His Portrait of his Lady, Angiola of Verona

I look at the crisp golden-threaded hair
Whereof, to thrall my heart, Love twists a net:
Using at times a string of pearls for bait,
And sometimes with a single rose therein.
I look into her eyes which unaware
Through mine own eyes to my heart penetrate;
Their splendour, that is excellently great,
To the sun's radiance seeming near akin,
Yet from herself a sweeter light to win.
So that I, gazing on that lovely one,
Discourse in this wise with my secret thought:—
“Woe's me! why am I not,
Even as my wish, alone with her alone,—
That hair of hers, so heavily uplaid,
To shed down braid by braid,
And make myself two mirrors of her eyes
Within whose light all other glory dies?”
I look at the amorous beautiful mouth,
The spacious forehead which her locks enclose,
The small white teeth, the straight and shapely nose,
And the clear brows of a sweet pencilling.
And then the thought within me gains full growth,
Saying, “Be careful that thy glance now goes
Between her lips, red as an open rose,
Quite full of every dear and precious thing;
And listen to her gracious answering,
Born of the gentle mind that in her dwells,
Which from all things can glean the nobler half.
Look thou when she doth laugh
How much her laugh is sweeter than aught else.”
Thus evermore my spirit makes avow
Touching her mouth; till now
I would give anything that I possess,
Only to hear her mouth say frankly, “Yes.”
I look at her white easy neck, so well
From shoulders and from bosom lifted out;
And at her round cleft chin, which beyond doubt
No fancy in the world could have design'd.
And then, with longing grown more voluble,
“Were it not pleasant now,” pursues my thought,
“To have that neck within thy two arms caught
And kiss it till the mark were left behind?”
Then, urgently: “The eyelids of thy mind
Open thou: if such loveliness be given
To sight here,—what of that which she doth hide?
Only the wondrous ride
Of sun and planets through the visible heaven
Tells us that there beyond is Paradise.
Thus, if thou fix thine eyes,
Of a truth certainly thou must infer
That every earthly joy abides in her,”

489

I look at the large arms, so lithe and round,—
At the hands, which are white and rosy too,—
At the long fingers, clasped and woven through,
Bright with the ring which one of them doth wear.
Then my thought whispers: “Were thy body wound
Within those arms, as loving women's do,
In all thy veins were born a life made new
Which thou couldst find no language to declare.

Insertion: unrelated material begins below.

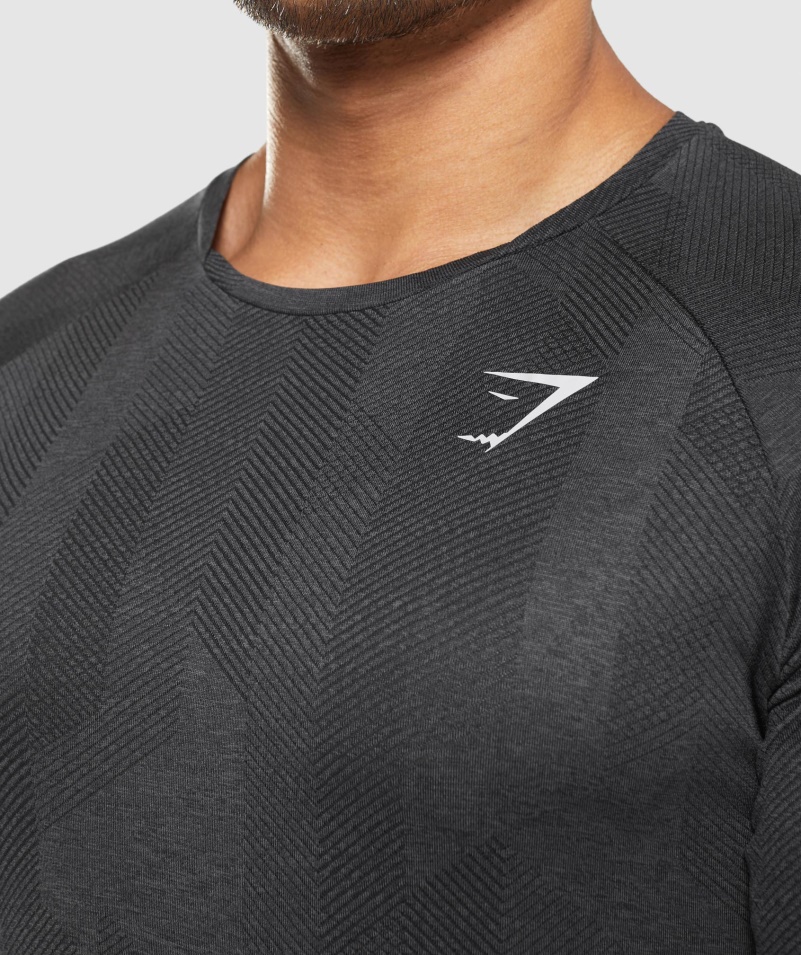 Tričko Gymshark Apex čierno-onyx Sivá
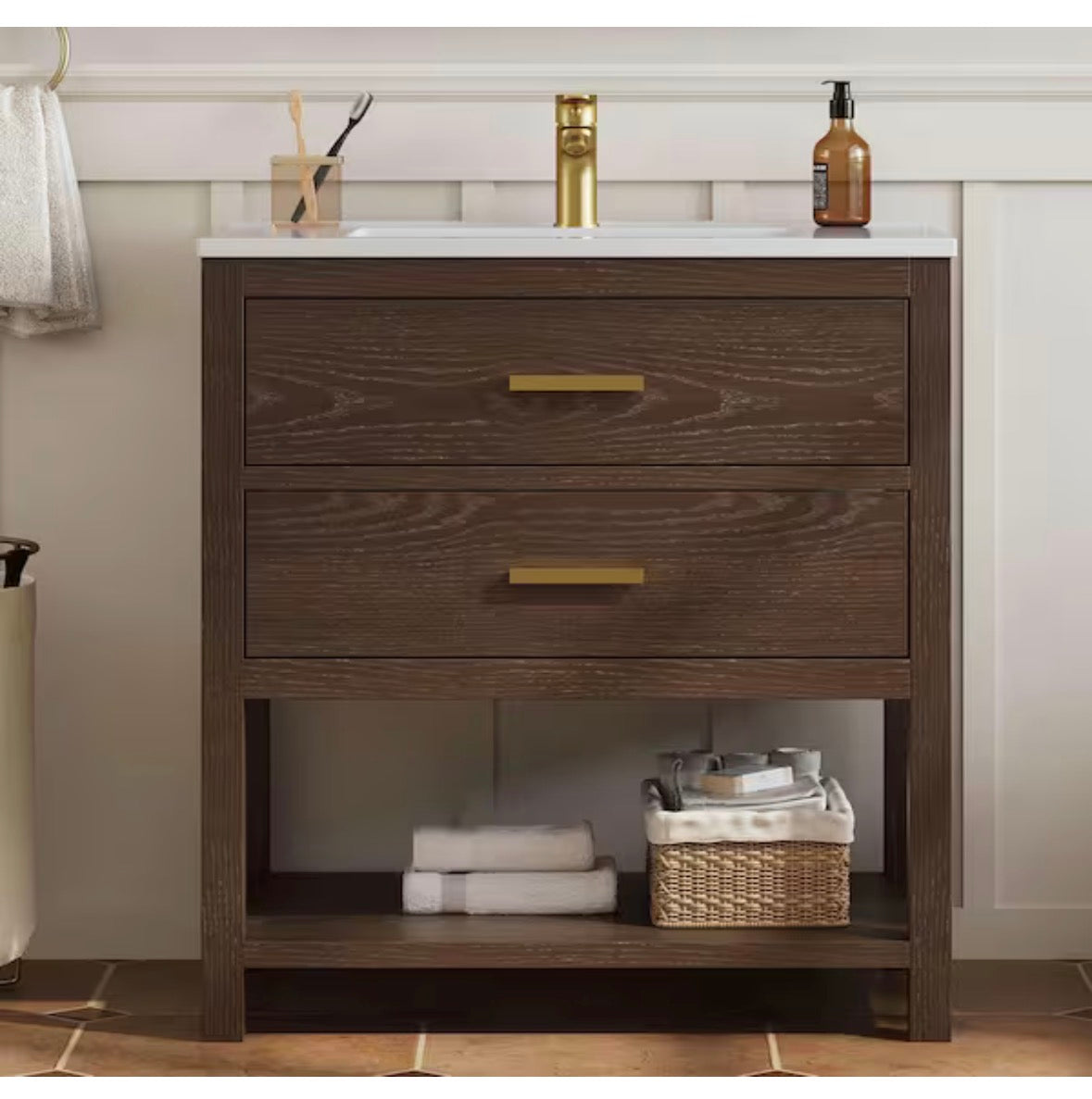 Magen 31 in. Single Sink Bath Vanity in Walnut with White Engineered Solid Surface Top and 2 Drawers (Unassembled)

Behold if any picture can compare
With her just limbs, each fit in shape and size,
Or match her angel's colour like a pearl.
She is a gentle girl
To see; yet when it needs, her scorn can rise,
Meek, bashful, and in all things temperate,
Her virtue holds its state;
In whose least act there is that gift express'd
Which of all reverence makes her worthiest.”

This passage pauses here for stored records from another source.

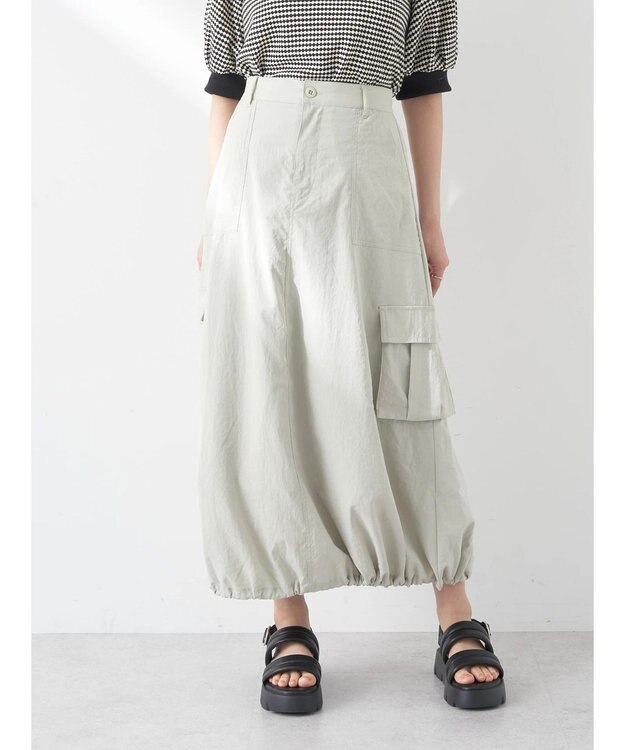 earth music&ecology バルーンカーゴスカート Light Green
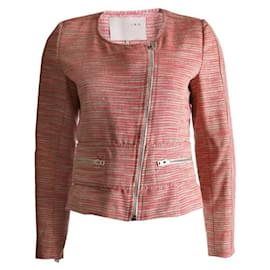 Iro-IRO, patterned blazer in red tones with lurex-Pink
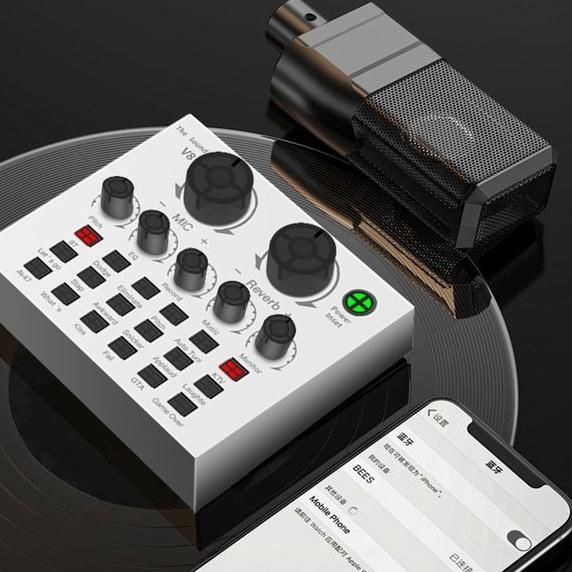Vixsound Mixer Audio External Sound Card Bluetooth Effect Board - V8 Pro - White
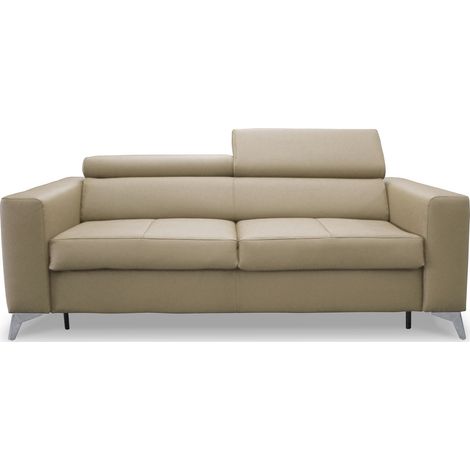 Canapé 3 places convertible en cuir italien de luxe MOVIDA, beige (1/2)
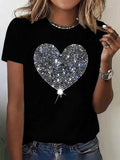 Heart Round Neck Short Sleeve T-Shirt - Trendsi - Flyclothing LLC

Soft as a peacock steps she, or as a stork
Straight on herself, taller and statelier:
'Tis a good sight how every limb doth stir
For ever in a womanly sweet way.
“Open thy soul to see God's perfect work,”

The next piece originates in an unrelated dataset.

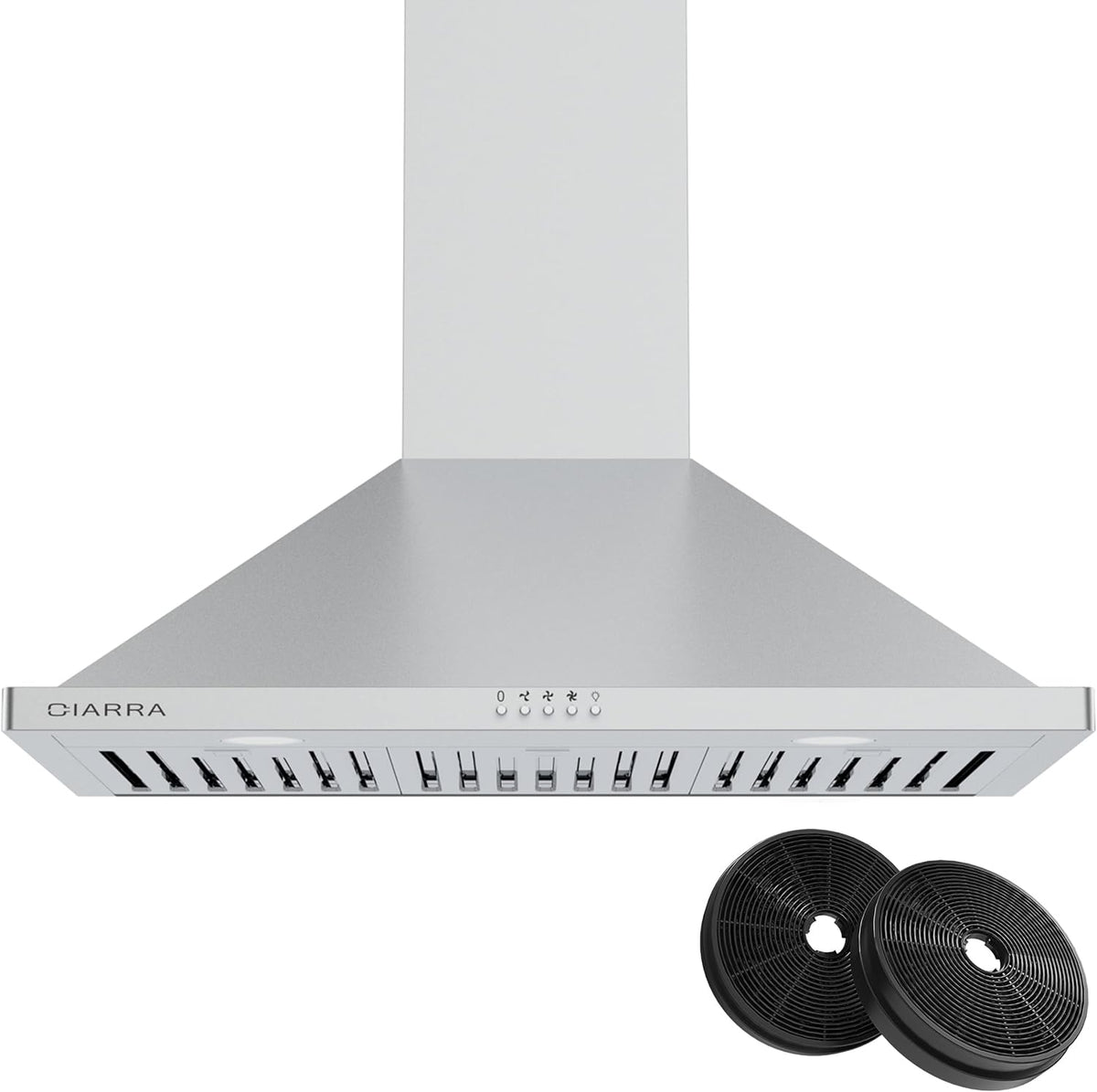30 inch Stainless Steel Wall Mounted Range Hood with 3 Speed Exhaust Fan Baffle Filters Ducted and Ductless Convertible B924912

(My thought begins afresh), “and look at her
When with some lady-friend exceeding fair
She bends and mingles arms and locks in play.
Even as all lesser lights vanish away,
When the sun moves, before his dazzling face,
So is this lady brighter than all these.
How should she fail to please,—
Love's self being no more than her loveliness?
In all her ways some beauty springs to view;
All that she loves to do
Tends alway to her honour's single scope;
And only from good deeds she draws her hope.”
Song, thou canst surely say, without pretence,
That since the first fair woman ever made,
Not one can have display'd
More power upon all hearts than this one doth;
Because in her are both
Loveliness and the soul's true excellence:—
And yet (woe's me!) is pity absent thence?